Thanks for your comment @arungrover
You bring up a very interesting point. If we do a normal qdel, the job might take some time to be deleted. The scheduler might be trying to start the high priority job before the preempted jobs are deleted. Using qdel -Wforce sounds like a good solution to this issue, but I think it's just hiding the same issue under the rug. Before the qdel -Wforce returns to the scheduler, the job will be purged from the server's database. The server shows the resources as immediately being free, but the mom is still doing end of job processing.
I see three issues
First is cleanup hooks. If we start a new job before the cleanup hooks are finished, the new job might be cleaned up.
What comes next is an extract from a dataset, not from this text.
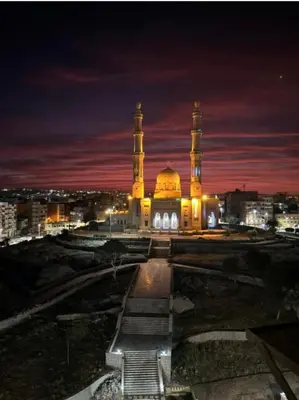 a large building with a mosque at night at City center NewAswan in Aswan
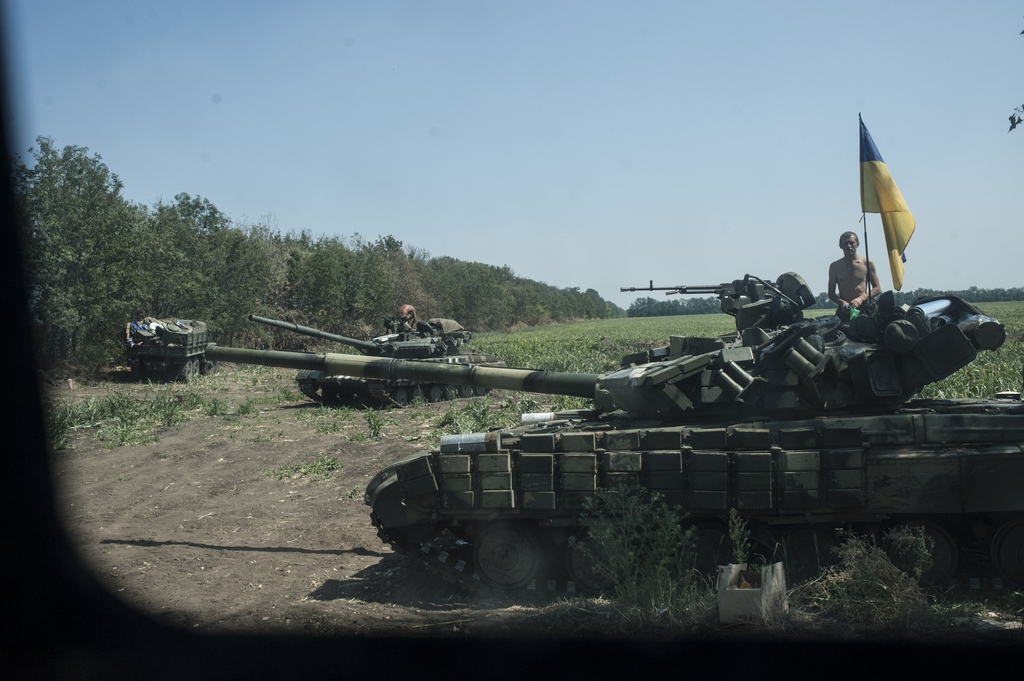 In this photo taken on Thursday, Aug.  14, 2014, Ukrainian army tanks take their positions near Illovaisk, Donetsk region, eastern Ukraine. Ukrainian forces have stepped up efforts to dislodge the separatists from their last strongholds in Donetsk and Luhansk and there was more heavy shelling overnight. (AP Photo/Evgeniy Maloletka)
Second is begin hooks. If we have a begin hook that makes sure the status of the node is prep'd for the job, it might clean up the old job. This might not be too bad. It would be worse if the cleanup and the begin hooks clash
Last is the Cray/cpuseted machines, or machines running cgroups. We previously told the operating system to carve out part of the machine for a job. Part of end of job processing is to release those resources back to the machine. If the scheduler runs the high priority job before the resources are returned, the new OS request will be rejected (e.g., ALPS reservation). This by itself is bad, but it gets worse. We've just deleted jobs jobs to run our high priority job. The runjob of the high priority job fails. The newly freed resources will likely be filled by new jobs. On subsequent cycles, the whole process will start again.
The only wait I can see us not falling into any of these traps is to wait for the deletes to end before running the high priority job. This unfortunately slows the scheduler down.